Auf Zölle zu setzen, um Handelsungleichgewichte auszugleichen, ist dem Finanzanalysten zufolge nicht nur wirtschaftlich vereinfachend, sondern auch potenziell schädlich. Zölle könnten Vergeltungsmaßnahmen provozieren und die komplexen globalen Lieferketten stören, auf die moderne Volkswirtschaften angewiesen seien. Dieser Ansatz blende den enormen Einfluss der USA als größter Verbrauchermarkt aus. Anstatt diesen Vorteil in Verhandlungen strategisch zu nutzen, riskiere Trumps Politik, Handelspartner zu verprellen und die globale wirtschaftliche Stabilität zu untergraben.
Gemäß Armstrong ist Trumps Sicht auf den Handel veraltet und in einer merkantilistischen Denkweise verwurzelt, in der Exporte als gut und Importe als schlecht angesehen werden. In der heutigen vernetzten Welt verkenne diese Anschauung, dass die wirtschaftliche Gesundheit von dynamischen Kapitalbewegungen, Verbraucherverhalten und gegenseitigen Abhängigkeiten bestimmt wird. Damit die Handelspolitik den nationalen Interessen wirksam diene, bedürfe es eines sachkundigeren und differenzierteren Ansatzes.
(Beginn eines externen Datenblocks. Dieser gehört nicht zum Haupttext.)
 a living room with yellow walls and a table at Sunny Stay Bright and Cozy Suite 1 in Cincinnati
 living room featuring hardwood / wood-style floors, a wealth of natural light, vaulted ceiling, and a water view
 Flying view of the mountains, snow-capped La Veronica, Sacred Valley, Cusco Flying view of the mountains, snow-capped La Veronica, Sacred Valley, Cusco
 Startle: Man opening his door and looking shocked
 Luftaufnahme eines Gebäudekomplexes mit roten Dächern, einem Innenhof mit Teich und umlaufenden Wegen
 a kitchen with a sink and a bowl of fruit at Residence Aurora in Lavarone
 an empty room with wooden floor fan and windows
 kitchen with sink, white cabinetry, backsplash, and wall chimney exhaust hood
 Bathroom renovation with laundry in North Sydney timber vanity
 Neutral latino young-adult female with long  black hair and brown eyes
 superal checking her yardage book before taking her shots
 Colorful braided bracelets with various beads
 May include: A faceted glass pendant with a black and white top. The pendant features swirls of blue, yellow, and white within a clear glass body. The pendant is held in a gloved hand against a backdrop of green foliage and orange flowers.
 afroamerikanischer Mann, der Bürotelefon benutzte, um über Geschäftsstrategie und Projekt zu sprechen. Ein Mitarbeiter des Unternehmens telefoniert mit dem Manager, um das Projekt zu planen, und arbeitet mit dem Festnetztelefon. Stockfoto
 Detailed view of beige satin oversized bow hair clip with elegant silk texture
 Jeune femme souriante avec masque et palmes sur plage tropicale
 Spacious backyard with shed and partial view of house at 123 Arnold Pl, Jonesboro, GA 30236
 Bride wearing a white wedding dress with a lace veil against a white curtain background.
Europa halte allerdings ebenfalls an den alten Theorien des Merkantilismus fest. Es sei zudem «viel zu marxistisch». Das Ziel des «sozialistischen Europa» sei es, «den Lebensstandard für alle zu senken, um den der unteren Schichten mit Sozialhilfe zu heben». China lehne die «europäische merkantilistische Wirtschaftsphilosophie» hingegen ab und baue durch politische Reformen, Urbanisierung und digitale Innovation bewusst eine verbraucherorientierte Wirtschaft auf. Armstrong schließt:
«Im Jahr 2023 werden etwa 23 bis 24 Prozent der gesamten US-Staatsschulden von ausländischen Unternehmen gehalten. Diese Berechnung basiert auf ausländischen Beständen in Höhe von etwa 7,4 Billionen Dollar von insgesamt 31,4 Billionen Dollar zu diesem Zeitpunkt. Daraus ergeben sich etwa eine Billion Dollar an Zinsausgaben. Somit fließen mehr als 230 Milliarden Dollar über die Leistungsbilanz ab, die nichts mit dem Handel zu tun haben. Zu den Hauptinhabern der US-Staatsschulden gehören Japan, China und das Vereinigte Königreich.
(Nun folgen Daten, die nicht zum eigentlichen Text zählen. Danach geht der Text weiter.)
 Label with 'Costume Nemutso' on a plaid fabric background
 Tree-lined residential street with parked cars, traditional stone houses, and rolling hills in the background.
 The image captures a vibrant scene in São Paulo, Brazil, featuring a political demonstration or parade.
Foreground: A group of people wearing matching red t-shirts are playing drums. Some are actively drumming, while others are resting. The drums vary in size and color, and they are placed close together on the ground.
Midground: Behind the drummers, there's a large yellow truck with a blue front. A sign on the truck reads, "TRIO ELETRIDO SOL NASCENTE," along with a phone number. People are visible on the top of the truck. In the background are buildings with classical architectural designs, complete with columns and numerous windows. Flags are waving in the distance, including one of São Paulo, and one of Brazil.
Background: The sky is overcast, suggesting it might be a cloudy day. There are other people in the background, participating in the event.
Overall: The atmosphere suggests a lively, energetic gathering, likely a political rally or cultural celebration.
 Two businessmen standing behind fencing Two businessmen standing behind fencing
Das Verständnis dieser Komponenten ist jetzt, inmitten eines Handelskriegs, von entscheidender Bedeutung. Der Verkauf von US-Schulden wird über die Kapitalbilanz abgewickelt, reduziert aber die an Ausländer gezahlten Zinsen, die über die Leistungsbilanz abgewickelt werden, wodurch die Illusion eines Handelsdefizits entsteht. Ich bin mit Trumps Formeln nicht einverstanden, und das Risiko eines permanenten Handelskriegs mit China ist nun gegeben, es sei denn, er führt ein privates Telefongespräch. Man kann keine öffentlichen Forderungen an China stellen, denn dann können sie aufgrund ihrer Kultur nicht einlenken.»